[Opening Exercise data section]
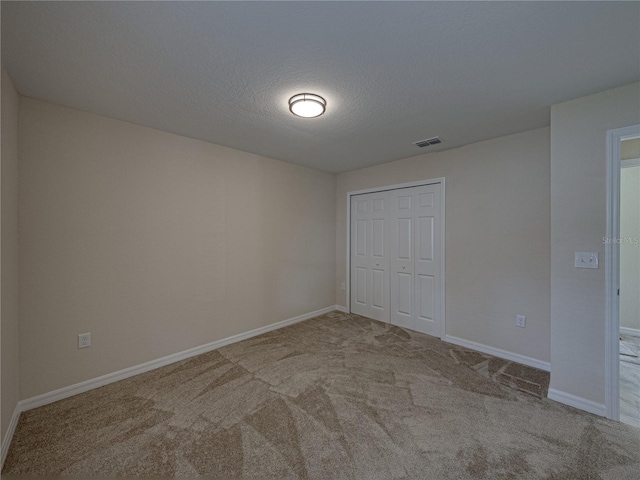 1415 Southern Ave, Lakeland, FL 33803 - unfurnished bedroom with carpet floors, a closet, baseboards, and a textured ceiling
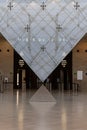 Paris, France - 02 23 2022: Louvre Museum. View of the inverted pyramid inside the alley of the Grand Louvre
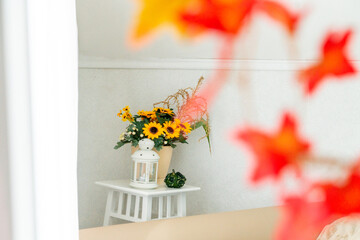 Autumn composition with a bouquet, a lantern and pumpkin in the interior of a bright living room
[Closing Exercise data section]
[Opening Exercise data section]
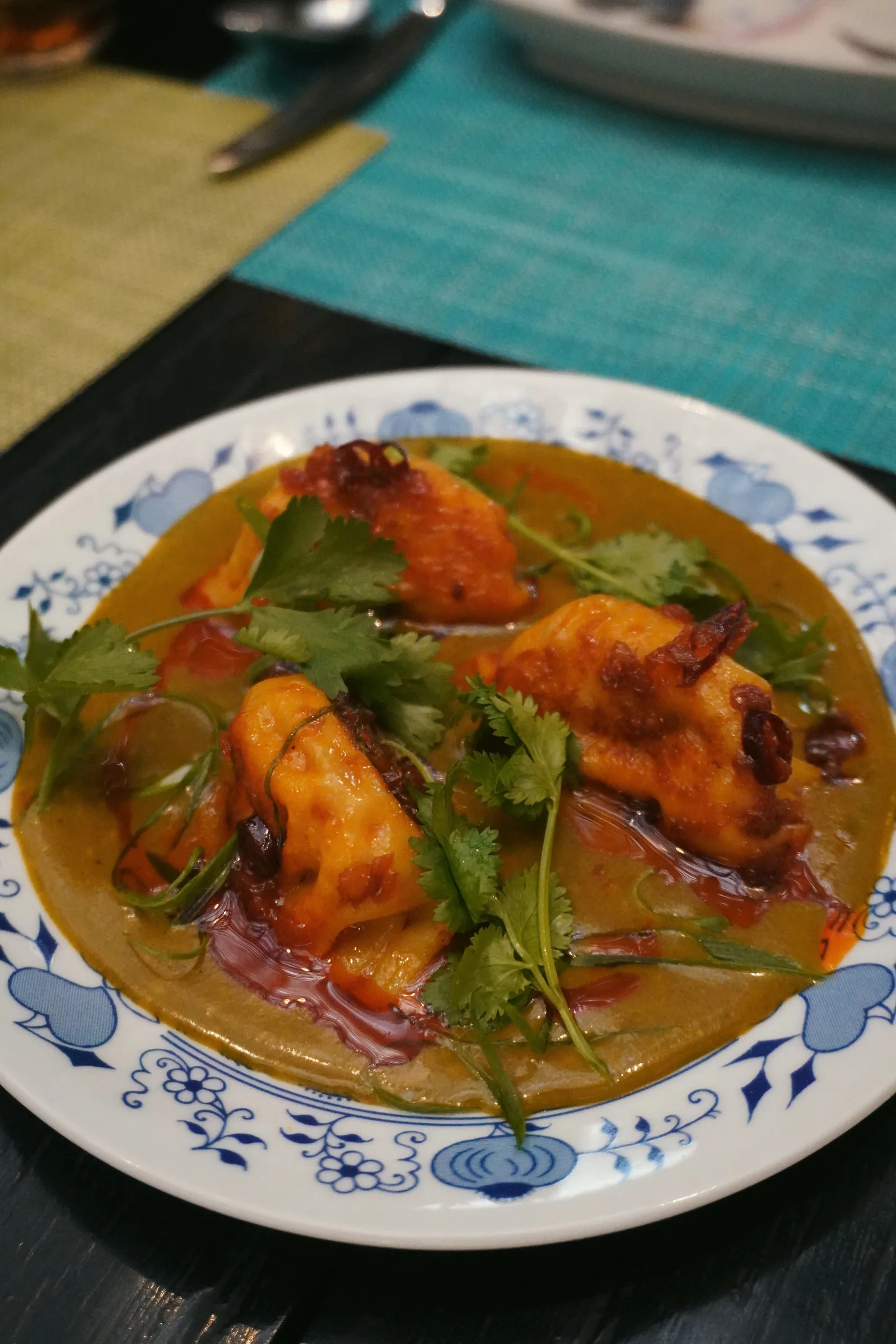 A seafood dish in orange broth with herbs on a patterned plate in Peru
[Closing Exercise data section]
[Opening Exercise data section]
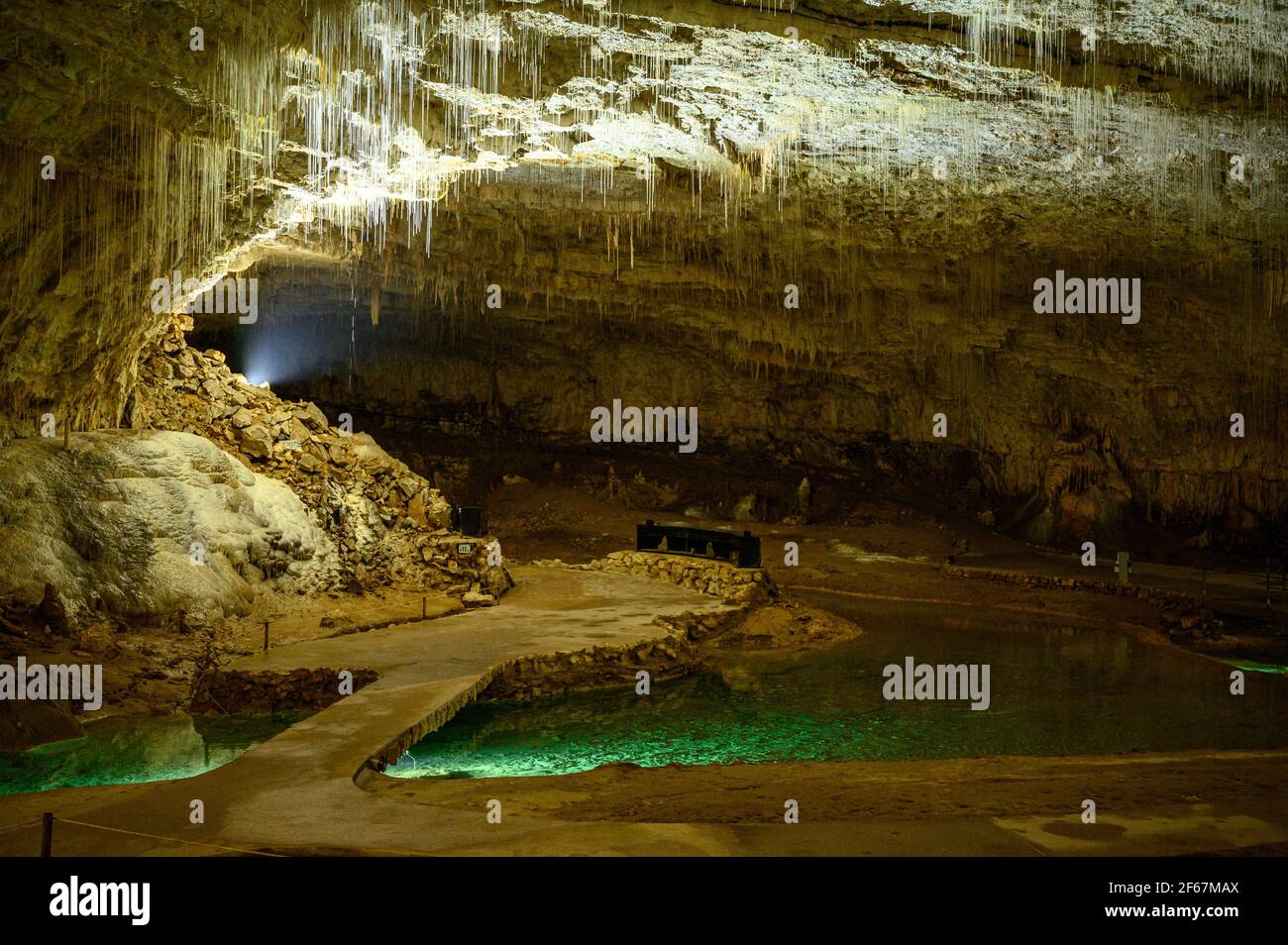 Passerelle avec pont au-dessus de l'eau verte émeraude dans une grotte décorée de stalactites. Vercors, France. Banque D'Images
[Closing Exercise data section]
**Directions:** Above, find the line holding "1415 Southern Ave, Lakeland, FL" and the line holding "Paris, France - 02". Print exactly those two lines and every line between them, but no pictures.

**Result below:**
 1415 Southern Ave, Lakeland, FL 33803 - unfurnished bedroom with carpet floors, a closet, baseboards, and a textured ceiling
 Paris, France - 02 23 2022: Louvre Museum. View of the inverted pyramid inside the alley of the Grand Louvre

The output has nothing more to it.